When our small group of pastors re-convened outside the enclosed area of the plaza, we stood, viewing the whole panorama. It was a beautiful Jerusalem night. The moon was rising behind us over the stone structures in the old city. The lights on the Western Wall and the sights and sounds of that Sabbath prayer filled our senses – when high above that wall a new sound emerged. The Al Aksa mosque, the third holiest mosque for the world's Muslims, sits within a few hundred feet of the top of the Western wall – and from the mosque the call to prayer was wailing through the city. Here we stood, American, Christian pastors, experiencing the worship of God, now in two foreign languages, and the mix of that beautiful, nasal Arabic cry along with the hushed and shouted Hebrew prayers is a sound I will not soon forget. I can only imagine it pleases God's ears as well.

As we made our way back through the city, to the Notre Dame Center, our home for the week, as we attempted to enter one of the narrow intersections our progress was completely halted by the mass of Muslim pilgrims heeding the call of prayer, and making their way to the Temple mount, which contains the Al Aksa mosque and the Dome of the Rock (the spectacular gold-domed shrine which is the visual centerpiece of the old city of Jerusalem). It was like a stampede – the beginning of the holy month of Ramadan – so there was no way to cross that mass of bodies. We waited. The Jews behind us. The Muslims in front of us. Leading us all to pray...

Speaking of this experience later that evening, one of my colleagues mused in amazement that there is no more violence here, given the close proximity of these conflicting children of Abraham and their religious holy sites. Our Wake Forest Divinity School leader, however, reminded us that since the Muslim conquest of Jerusalem, 1400 years ago, the Jews and the Muslims have gotten along amazingly well. Sharing this city. Sharing these holy streets. Virtually sharing the sacred ground on which their faiths call them to pray. There's a sermon in that. You'll probably hear it soon!

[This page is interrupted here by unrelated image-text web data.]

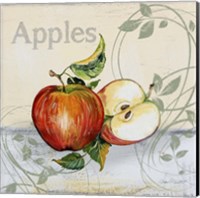 Framed 'Tutti Fruiti Apples' border=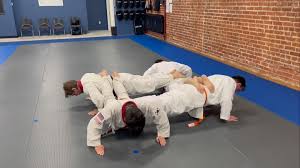 Image result for Freedom Martial Arts
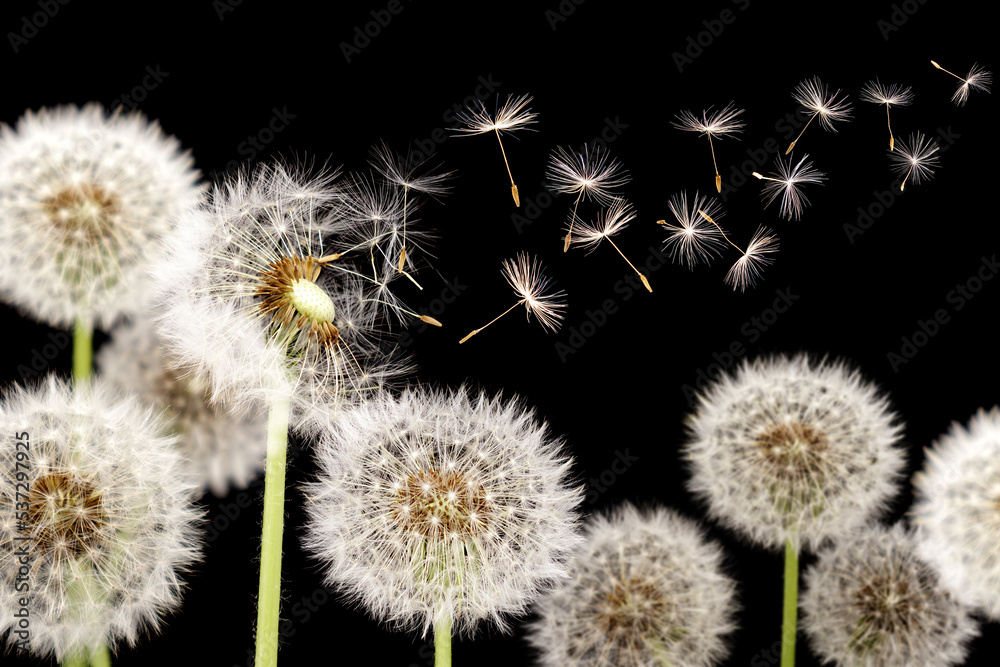 Dandelion with seeds blowing away in the wind across on black background. Dandelion with seeds blowing away in the wind across on black background.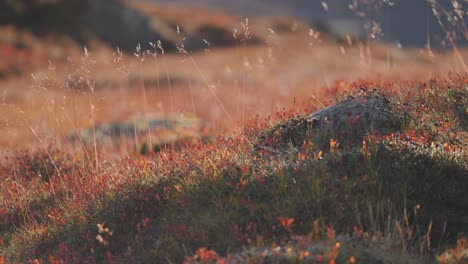 Maleza-Colorida-En-La-Tundra-Otoñal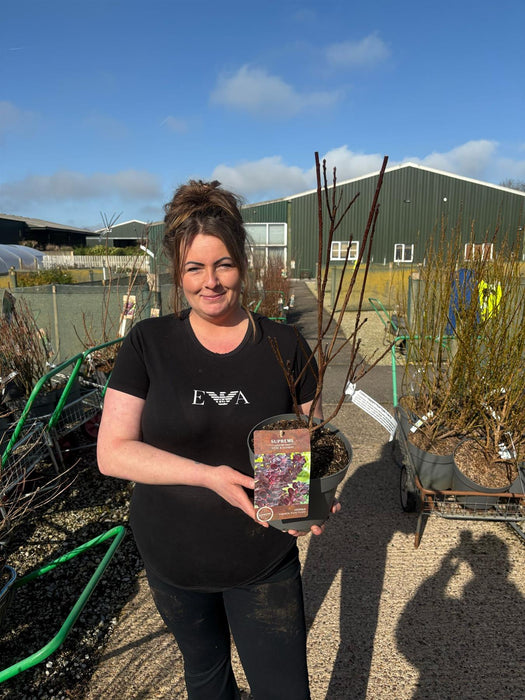 Cotinus coggygria Royal Purple 4 Litre Pot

I’ve done my own share of praying this week, remembering you... remembering Jesus... reflecting on my life as his follower and your pastor, and as a parent of two and a husband of one and a joy-filled (if sometimes still confused!) wanna-be-disciple. But I'll have to tell you that it's not the Christian pilgrims to this city that have inspired me the most this week – though we've also encountered thousands of Christian pilgrims from around the world. Ironically (and when we open our eyes to God's amazing presence around us, "irony" may become a more and more frequent encounter for us!), I'll leave the Holy Land in 10 hours with the inspiration of Muslim and Jewish followers, leaving their busy lives, herding through crowded city streets, singing and dancing and praying quietly, in that discipline that is as old as human self-consciousness. Among the many things I have learned on this trip... I think I'll come home a better pray-er.

And maybe that's what this pilgrimage was supposed to do for me – even if I learned it in a very surprising way!